A discrete signal is periodic only if it's normalized frequency can be expressed as a rational number. In your case: $$\begin{equation} e^{-2}e^{j(n\frac{\pi}{3} - \frac{\pi}{4})} \end{equation}$$ so $$\begin{equation} \begin{array}{rcl} 2 \pi f & = & \frac{\pi}{3} \\ f & = & \frac{1}{6} \end{array} \end{equation}$$ Since $$1/6$$ is rational, it's periodic. Now, you reduce $$f$$ to its canonical form and apply the definition of $$f$$: $$\begin{equation} \begin{array}{rcl} f & = & \frac{k}{N} \\ \frac{1}{6} & = & \frac{k}{N} \\ N & = & 6 \end{array} \end{equation}$$
The signal has a fundamental period of $$N=6$$.

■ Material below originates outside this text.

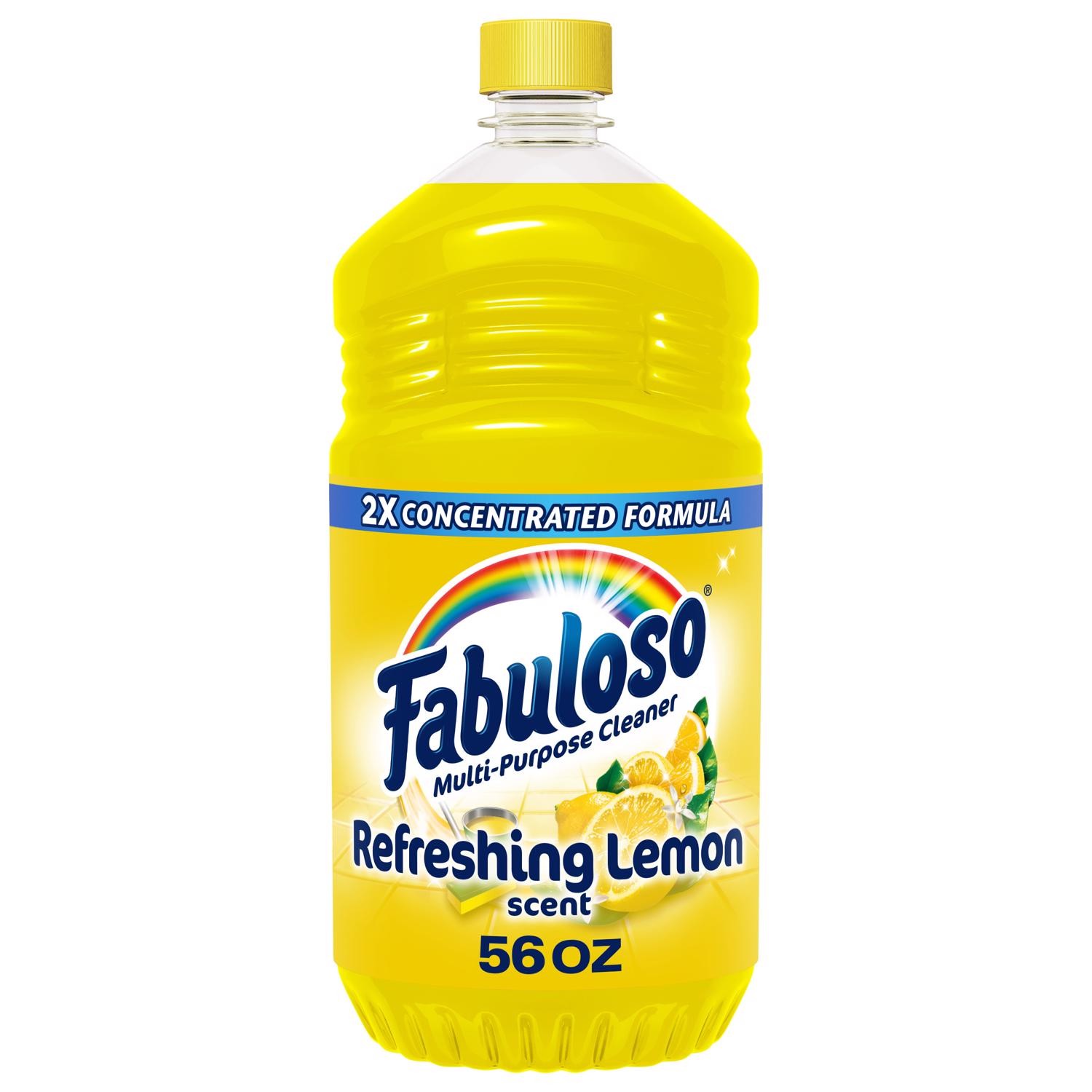Fabuloso MX06157A Lemon Scent All Purpose Cleaner Liquid 56 oz. (Pack of 6)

Solve the same, however, for $$\begin{equation} e^{-2}e^{j(n\frac{1}{3} - \frac{\pi}{4})} \end{equation}$$ you'll get $$\begin{equation} \begin{array}{rcl} 2 \pi f & = & \frac{1}{3} \\ f & = & \frac{1}{\pi 6} \end{array} \end{equation}$$ which cannot be expressed as a rational number, hence not periodic.
it is more clear if you utilize the Euler's formula \begin{align} x[n+N] &= e^{-2}e^{j(\frac{\pi}{3}(n+N)-\frac{\pi}{4})} \\ &= e^{-2}\Big[ \cos(\frac{\pi}{3}n+\frac{\pi}{3}N-\frac{\pi}{4}) -j \sin(\frac{\pi}{3}n+\frac{\pi}{3}N-\frac{\pi}{4}) \Big] \end{align} Using trigonometric identities ( I will leave it as an exercise to you), $$x[n]=x[n+N]$$ holds if N=6 which is the smallest value that makes the equality to hold. Indeed, the signal is periodic with a fundamental period $$N_o=6$$.